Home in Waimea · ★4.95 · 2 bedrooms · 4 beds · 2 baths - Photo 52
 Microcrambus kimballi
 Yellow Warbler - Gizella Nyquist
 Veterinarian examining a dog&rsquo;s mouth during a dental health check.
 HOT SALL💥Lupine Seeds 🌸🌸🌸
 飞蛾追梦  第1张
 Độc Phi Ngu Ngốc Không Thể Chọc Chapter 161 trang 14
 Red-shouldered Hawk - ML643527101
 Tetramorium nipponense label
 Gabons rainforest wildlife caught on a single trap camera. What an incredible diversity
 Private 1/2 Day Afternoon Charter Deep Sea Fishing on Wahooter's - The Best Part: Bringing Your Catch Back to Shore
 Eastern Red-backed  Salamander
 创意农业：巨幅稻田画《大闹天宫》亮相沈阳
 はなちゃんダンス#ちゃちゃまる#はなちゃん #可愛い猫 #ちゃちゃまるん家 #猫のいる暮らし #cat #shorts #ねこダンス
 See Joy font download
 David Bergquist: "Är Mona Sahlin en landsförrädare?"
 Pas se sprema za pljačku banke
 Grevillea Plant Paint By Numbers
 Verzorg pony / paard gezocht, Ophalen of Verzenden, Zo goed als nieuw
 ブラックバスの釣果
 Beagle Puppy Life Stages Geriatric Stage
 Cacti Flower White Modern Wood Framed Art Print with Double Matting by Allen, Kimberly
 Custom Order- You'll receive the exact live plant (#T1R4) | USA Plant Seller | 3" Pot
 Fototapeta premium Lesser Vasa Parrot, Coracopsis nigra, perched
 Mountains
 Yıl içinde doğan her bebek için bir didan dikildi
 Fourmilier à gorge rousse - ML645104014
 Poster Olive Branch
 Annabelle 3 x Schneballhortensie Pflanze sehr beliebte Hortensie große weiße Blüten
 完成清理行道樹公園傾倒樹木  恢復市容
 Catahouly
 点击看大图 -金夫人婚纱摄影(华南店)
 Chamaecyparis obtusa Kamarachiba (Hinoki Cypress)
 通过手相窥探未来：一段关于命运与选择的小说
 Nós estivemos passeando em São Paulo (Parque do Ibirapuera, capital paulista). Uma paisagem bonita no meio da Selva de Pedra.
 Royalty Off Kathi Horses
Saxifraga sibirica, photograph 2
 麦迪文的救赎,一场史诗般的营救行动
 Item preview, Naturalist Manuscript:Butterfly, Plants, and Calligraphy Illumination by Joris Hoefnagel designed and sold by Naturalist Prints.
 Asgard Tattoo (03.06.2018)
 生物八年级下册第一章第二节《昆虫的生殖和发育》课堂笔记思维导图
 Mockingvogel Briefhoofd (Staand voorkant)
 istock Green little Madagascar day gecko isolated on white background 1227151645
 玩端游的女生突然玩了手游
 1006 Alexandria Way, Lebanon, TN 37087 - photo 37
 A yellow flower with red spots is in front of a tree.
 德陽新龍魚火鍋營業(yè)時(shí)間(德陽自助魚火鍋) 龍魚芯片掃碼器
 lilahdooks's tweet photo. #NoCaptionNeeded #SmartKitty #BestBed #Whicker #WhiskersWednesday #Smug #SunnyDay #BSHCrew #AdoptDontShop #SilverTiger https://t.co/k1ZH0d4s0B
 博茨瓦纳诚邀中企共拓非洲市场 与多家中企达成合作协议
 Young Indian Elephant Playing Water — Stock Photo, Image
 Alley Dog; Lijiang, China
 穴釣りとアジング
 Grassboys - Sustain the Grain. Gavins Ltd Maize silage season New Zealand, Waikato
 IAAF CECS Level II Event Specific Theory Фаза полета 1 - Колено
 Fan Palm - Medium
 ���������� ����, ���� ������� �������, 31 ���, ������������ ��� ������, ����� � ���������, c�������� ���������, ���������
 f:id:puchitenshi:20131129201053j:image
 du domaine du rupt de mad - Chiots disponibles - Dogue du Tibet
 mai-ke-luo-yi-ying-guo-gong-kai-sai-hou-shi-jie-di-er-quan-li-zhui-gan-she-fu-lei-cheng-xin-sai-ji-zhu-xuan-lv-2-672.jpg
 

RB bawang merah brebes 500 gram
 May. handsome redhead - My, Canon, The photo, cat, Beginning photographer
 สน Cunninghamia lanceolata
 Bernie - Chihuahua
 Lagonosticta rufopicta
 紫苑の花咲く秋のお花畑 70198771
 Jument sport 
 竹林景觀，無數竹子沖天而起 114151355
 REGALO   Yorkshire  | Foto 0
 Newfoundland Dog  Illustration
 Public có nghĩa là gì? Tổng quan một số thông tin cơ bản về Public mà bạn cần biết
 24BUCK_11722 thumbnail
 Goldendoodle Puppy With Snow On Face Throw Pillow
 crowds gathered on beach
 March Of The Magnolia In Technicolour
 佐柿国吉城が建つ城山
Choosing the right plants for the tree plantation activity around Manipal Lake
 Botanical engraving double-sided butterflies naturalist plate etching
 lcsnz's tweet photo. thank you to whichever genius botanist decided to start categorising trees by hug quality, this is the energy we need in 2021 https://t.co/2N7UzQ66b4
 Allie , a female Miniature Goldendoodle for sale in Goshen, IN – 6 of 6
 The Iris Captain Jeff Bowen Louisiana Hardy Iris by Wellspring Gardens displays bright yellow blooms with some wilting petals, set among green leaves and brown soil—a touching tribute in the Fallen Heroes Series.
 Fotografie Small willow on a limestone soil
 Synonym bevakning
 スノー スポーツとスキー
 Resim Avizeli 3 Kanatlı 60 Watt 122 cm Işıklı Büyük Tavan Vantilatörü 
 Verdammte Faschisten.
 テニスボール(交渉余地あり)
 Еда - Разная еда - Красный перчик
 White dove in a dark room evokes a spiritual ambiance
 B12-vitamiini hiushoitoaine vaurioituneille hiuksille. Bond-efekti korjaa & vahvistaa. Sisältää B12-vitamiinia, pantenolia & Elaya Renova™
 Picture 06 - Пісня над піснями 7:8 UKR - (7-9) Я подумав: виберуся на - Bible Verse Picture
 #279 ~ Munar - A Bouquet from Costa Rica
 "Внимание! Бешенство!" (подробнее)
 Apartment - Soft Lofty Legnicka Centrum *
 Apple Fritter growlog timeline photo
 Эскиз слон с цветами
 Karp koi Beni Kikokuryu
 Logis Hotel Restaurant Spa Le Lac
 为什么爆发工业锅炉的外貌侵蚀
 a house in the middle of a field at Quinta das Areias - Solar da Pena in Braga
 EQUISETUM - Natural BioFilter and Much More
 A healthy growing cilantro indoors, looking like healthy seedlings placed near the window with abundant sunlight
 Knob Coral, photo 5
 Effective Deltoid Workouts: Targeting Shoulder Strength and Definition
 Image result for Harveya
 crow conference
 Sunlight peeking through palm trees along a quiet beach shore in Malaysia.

What needs to be done:
Identify the lines in the entries above that contain "tweet", then copy them out.

Written response:
 lilahdooks's tweet photo. #NoCaptionNeeded #SmartKitty #BestBed #Whicker #WhiskersWednesday #Smug #SunnyDay #BSHCrew #AdoptDontShop #SilverTiger https://t.co/k1ZH0d4s0B
 lcsnz's tweet photo. thank you to whichever genius botanist decided to start categorising trees by hug quality, this is the energy we need in 2021 https://t.co/2N7UzQ66b4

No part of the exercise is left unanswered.